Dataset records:

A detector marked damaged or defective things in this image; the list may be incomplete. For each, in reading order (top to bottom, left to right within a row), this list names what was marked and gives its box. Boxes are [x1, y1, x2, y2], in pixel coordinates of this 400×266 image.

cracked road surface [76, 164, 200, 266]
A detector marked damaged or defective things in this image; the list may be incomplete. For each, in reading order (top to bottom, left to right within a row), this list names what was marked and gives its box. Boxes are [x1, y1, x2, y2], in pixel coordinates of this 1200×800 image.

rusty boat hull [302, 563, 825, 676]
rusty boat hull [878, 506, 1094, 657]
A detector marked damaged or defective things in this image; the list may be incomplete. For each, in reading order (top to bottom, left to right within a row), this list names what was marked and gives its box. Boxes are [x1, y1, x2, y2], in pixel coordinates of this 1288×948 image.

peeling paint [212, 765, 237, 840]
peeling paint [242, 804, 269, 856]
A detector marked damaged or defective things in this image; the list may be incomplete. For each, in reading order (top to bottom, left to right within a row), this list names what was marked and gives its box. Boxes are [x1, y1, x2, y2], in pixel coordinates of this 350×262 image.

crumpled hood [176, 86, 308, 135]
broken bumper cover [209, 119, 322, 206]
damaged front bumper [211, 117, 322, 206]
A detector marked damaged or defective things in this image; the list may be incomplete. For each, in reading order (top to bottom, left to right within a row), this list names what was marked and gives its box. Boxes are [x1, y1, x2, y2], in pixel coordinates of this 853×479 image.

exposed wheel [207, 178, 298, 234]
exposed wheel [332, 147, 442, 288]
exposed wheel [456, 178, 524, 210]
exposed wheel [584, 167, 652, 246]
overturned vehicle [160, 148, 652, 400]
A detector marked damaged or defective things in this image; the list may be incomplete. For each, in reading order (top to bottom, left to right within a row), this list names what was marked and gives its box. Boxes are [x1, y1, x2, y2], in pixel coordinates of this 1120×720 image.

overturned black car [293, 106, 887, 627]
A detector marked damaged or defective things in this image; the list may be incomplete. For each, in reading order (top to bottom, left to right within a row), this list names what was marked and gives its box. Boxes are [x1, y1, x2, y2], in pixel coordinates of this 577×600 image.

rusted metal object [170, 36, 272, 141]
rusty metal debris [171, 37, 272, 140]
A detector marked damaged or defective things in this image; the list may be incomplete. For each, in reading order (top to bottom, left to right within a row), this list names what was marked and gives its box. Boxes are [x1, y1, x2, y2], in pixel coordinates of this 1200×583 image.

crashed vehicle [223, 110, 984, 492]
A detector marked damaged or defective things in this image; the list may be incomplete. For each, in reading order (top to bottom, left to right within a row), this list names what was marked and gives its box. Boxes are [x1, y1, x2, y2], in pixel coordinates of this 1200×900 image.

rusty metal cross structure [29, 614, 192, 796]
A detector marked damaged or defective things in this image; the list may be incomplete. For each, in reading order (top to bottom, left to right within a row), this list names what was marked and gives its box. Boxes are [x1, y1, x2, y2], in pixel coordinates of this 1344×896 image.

(Problem to work on)
Word for word, repeat the line holding "this 1200×900 image." and all lines after it through the end of the entries above.

(Written response)
A detector marked damaged or defective things in this image; the list may be incomplete. For each, in reading order (top to bottom, left to right within a row), this list names what was marked and gives its box. Boxes are [x1, y1, x2, y2], in pixel coordinates of this 1200×900 image.

rusty metal cross structure [29, 614, 192, 796]
A detector marked damaged or defective things in this image; the list may be incomplete. For each, in reading order (top to bottom, left to right within a row), this list names what was marked and gives its box. Boxes are [x1, y1, x2, y2], in pixel coordinates of this 1344×896 image.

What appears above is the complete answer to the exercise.